The Jewish day school is itself quite a revolutionary concept. Historically, Jewish schools educated only the children of the elite and the young minds that held the most promise to become great scholars. Students spent daylight hours and beyond poring over Jewish texts, committing them to memory, and synthesizing them. This was the case in America, too. Most American Jews attended public school and those whose parents wanted them to have a Jewish education also attended some form of supplementary school. A small minority of Jewish children attended Jewish schools, which were modeled after European yeshivot.
Neither of these models helped young American Jews understand the intersection of their two identities. In response, the modern Jewish day school endeavors to do just that. For some, this means studying Jewish and general studies under the same roof but with distinct time barriers between Judaic studies (often in the mornings) and general studies classes. For others, it means that the class schedule allows for Jewish and general studies courses to be interspersed throughout the day. And for others still, this means complete fluidity between the areas of study, with the same teachers teaching all subjects and with blurred lines between those subjects.
In a recent session of our MAEd curriculum course, a student wrote that it is our responsibility as educators to prepare our learners for the “balancing act” of living Jewish lives within an American context. Another shared that we are obliged to educate against the compartmentalization of identities and help students understand how to integrate the two. The consensus among the students in this class was the overall positive impact integration, in any of its forms, can have for young Jewish learners. Of course, making material relevant, meaningful, and accessible can have immeasurable impact on learning.

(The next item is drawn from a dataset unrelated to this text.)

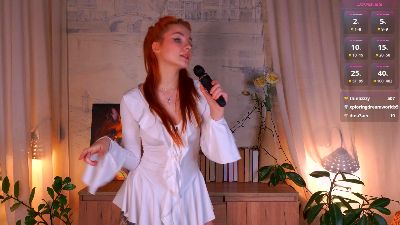 SoonHiggs webcam model stream image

Successful integration requires cooperation among teachers and the removal of the silos often found in day schools. In some ways, the challenge is greater today as we sit behind our computer screens, masks, and face shields. In other ways, learning pods and virtual learning have opened up the door for less structured learning and more blurring of subject lines, time for personal exploration, and meaning making. As teachers, we must capitalize on this moment in history to ensure relevance, meaning, and identity-strengthening for our learners. As educational leaders, it is our duty to model integration through school culture and actively bridge gaps among departments.
Our students at AJU are continuing to think about how to help their learners navigate their American Jewish identities within day schools, camps, supplementary schools, and youth groups. They are eager for their learners to feel a sense of being whole and complete, prepared to tackle the challenges that will no doubt emerge because they carry with them the tools they learned.